### [Information shown]
◇ ◇ ◇

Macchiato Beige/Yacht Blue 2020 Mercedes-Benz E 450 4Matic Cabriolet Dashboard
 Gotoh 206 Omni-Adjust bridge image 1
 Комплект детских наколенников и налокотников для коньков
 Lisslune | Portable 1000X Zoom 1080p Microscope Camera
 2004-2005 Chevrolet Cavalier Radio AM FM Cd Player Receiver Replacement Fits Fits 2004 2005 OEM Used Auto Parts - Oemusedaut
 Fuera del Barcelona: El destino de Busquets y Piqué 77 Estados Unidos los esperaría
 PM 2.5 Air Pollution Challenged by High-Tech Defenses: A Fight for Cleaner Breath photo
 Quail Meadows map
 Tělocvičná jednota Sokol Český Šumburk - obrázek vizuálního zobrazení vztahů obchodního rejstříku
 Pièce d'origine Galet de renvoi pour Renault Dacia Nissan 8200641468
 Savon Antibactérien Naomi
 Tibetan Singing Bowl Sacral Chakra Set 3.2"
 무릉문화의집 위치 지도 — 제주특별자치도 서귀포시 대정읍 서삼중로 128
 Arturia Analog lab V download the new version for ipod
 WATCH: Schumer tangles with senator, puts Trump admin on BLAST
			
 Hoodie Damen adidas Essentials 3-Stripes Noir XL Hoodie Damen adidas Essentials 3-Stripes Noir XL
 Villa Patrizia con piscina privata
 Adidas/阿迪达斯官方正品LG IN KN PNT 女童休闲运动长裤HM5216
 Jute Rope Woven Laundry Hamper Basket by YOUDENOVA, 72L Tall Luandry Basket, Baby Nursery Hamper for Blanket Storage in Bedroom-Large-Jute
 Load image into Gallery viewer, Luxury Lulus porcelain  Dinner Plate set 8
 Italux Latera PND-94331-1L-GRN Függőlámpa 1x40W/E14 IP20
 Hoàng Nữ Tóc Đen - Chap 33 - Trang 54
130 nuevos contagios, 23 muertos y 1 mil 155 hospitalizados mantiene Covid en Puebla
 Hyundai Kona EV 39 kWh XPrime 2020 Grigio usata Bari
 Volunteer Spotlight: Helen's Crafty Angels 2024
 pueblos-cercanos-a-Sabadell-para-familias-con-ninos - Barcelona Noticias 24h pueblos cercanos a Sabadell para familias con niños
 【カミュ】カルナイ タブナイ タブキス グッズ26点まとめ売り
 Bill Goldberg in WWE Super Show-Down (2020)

◇ ◇ ◇

Please transcribe the material line by line, exactly, from its opening line through the line that contains "Lisslune | Portable".

### [Response to the exercise]
Macchiato Beige/Yacht Blue 2020 Mercedes-Benz E 450 4Matic Cabriolet Dashboard
 Gotoh 206 Omni-Adjust bridge image 1
 Комплект детских наколенников и налокотников для коньков
 Lisslune | Portable 1000X Zoom 1080p Microscope Camera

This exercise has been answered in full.